TASK ITEM
Each entry needs to be reproduced exactly, with none left out.

DATA TO USE
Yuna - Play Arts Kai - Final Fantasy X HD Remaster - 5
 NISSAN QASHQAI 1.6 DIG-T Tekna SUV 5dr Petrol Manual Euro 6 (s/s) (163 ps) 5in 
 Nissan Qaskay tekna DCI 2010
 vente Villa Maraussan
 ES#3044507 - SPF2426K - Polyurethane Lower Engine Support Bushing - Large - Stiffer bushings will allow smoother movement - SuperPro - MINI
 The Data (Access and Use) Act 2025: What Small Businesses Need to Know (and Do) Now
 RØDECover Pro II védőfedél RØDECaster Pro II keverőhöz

RESULT
Yuna - Play Arts Kai - Final Fantasy X HD Remaster - 5
 NISSAN QASHQAI 1.6 DIG-T Tekna SUV 5dr Petrol Manual Euro 6 (s/s) (163 ps) 5in 
 Nissan Qaskay tekna DCI 2010
 vente Villa Maraussan
 ES#3044507 - SPF2426K - Polyurethane Lower Engine Support Bushing - Large - Stiffer bushings will allow smoother movement - SuperPro - MINI
 The Data (Access and Use) Act 2025: What Small Businesses Need to Know (and Do) Now
 RØDECover Pro II védőfedél RØDECaster Pro II keverőhöz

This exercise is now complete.